* [WHAT NEEDS TO BE DONE]
A faithful copy is needed of the lines below from the one with "Front View Thumbnail" up to and including the one with "Seamless vector pattern"; set it down with no pictures and no other lines.

* [SUPPLIED RECORDS]
##############################

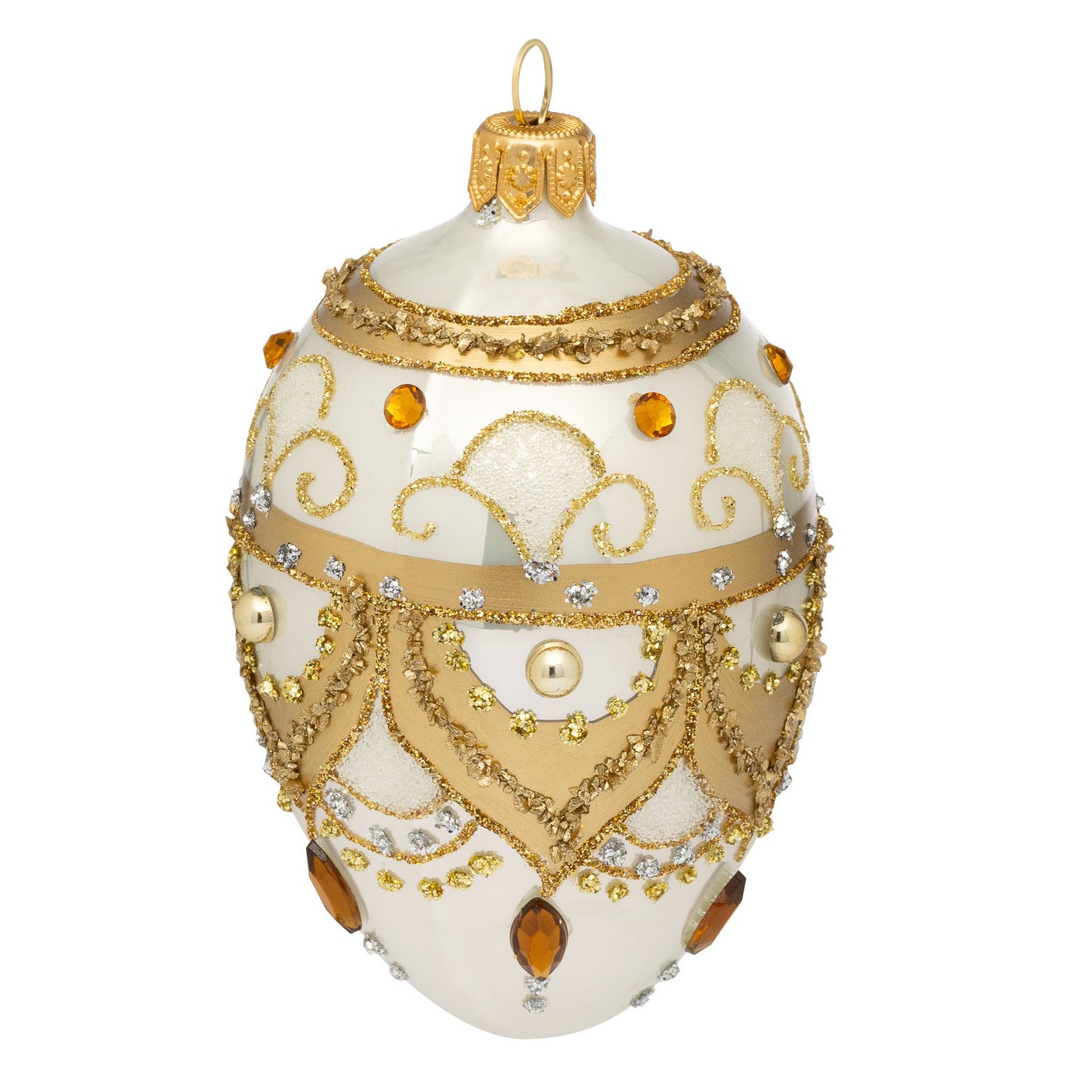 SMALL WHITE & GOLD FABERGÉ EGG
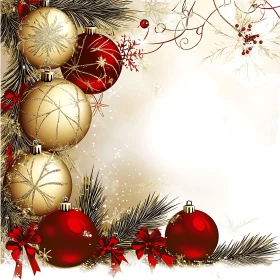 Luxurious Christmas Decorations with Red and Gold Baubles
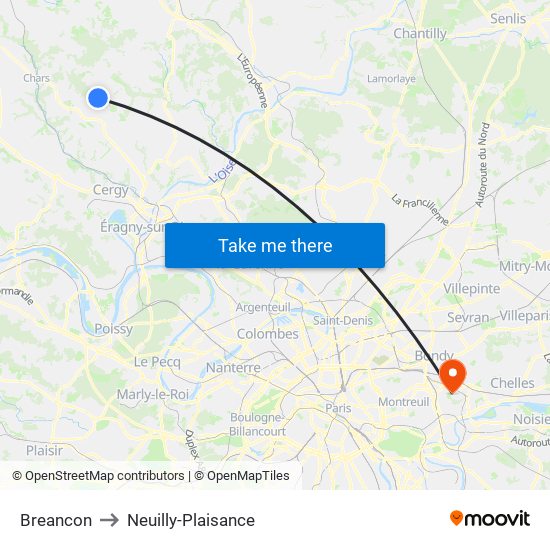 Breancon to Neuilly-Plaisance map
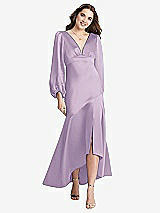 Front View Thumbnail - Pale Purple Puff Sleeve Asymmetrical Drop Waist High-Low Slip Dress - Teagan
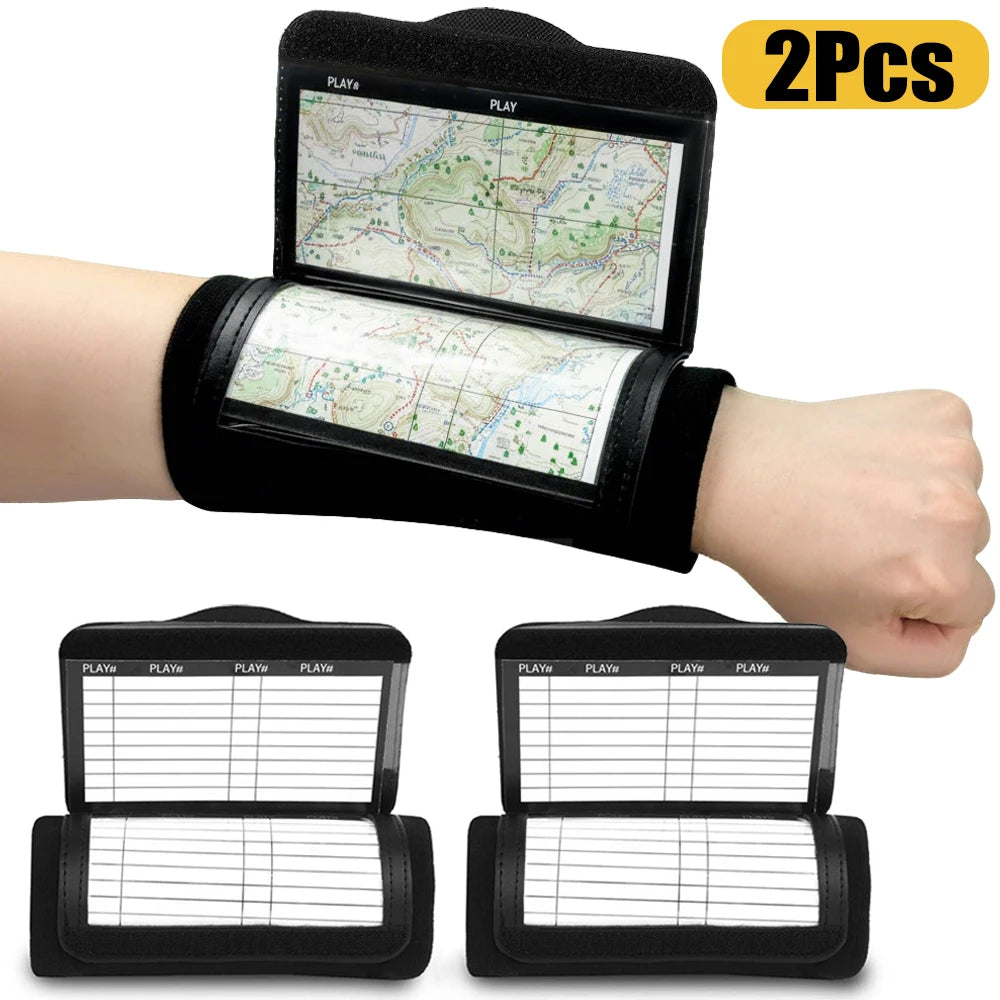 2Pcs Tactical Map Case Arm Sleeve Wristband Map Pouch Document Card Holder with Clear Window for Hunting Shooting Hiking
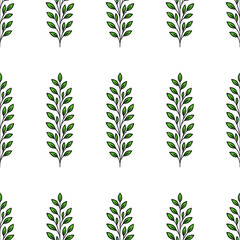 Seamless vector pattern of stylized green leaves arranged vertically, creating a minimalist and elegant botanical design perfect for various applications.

##############################

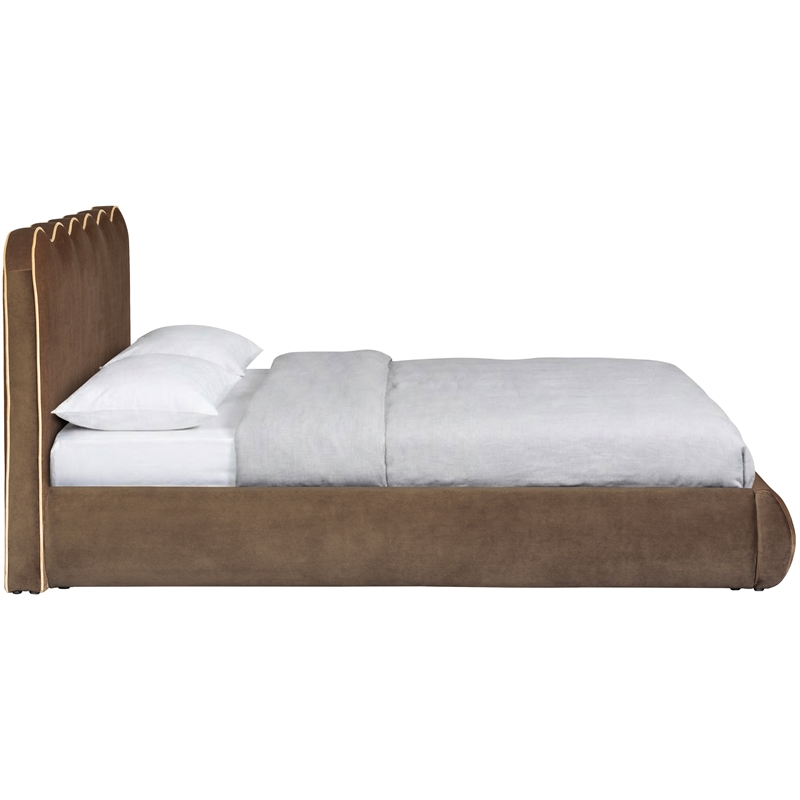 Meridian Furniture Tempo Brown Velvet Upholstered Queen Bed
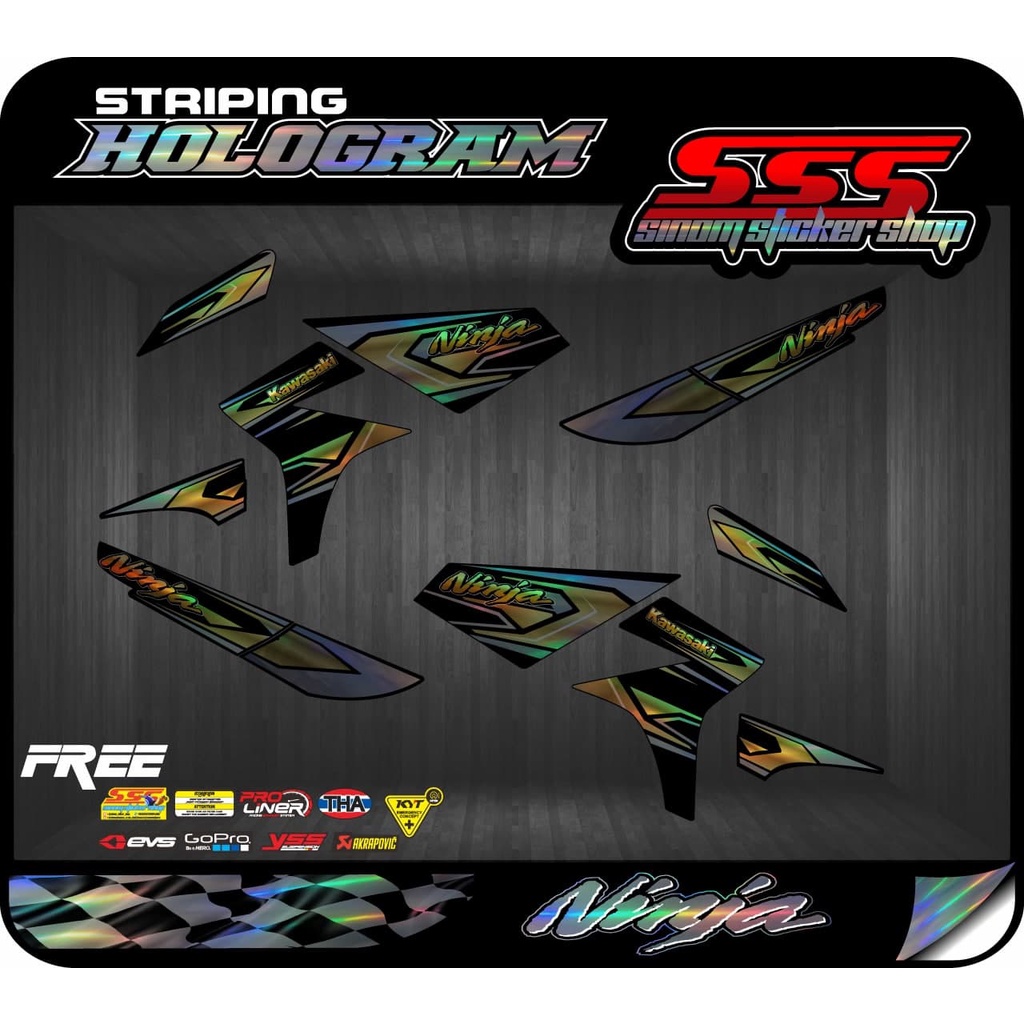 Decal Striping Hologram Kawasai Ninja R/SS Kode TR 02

##############################

* [WRITTEN ANSWER]
 Front View Thumbnail - Pale Purple Puff Sleeve Asymmetrical Drop Waist High-Low Slip Dress - Teagan
 2Pcs Tactical Map Case Arm Sleeve Wristband Map Pouch Document Card Holder with Clear Window for Hunting Shooting Hiking
 Seamless vector pattern of stylized green leaves arranged vertically, creating a minimalist and elegant botanical design perfect for various applications.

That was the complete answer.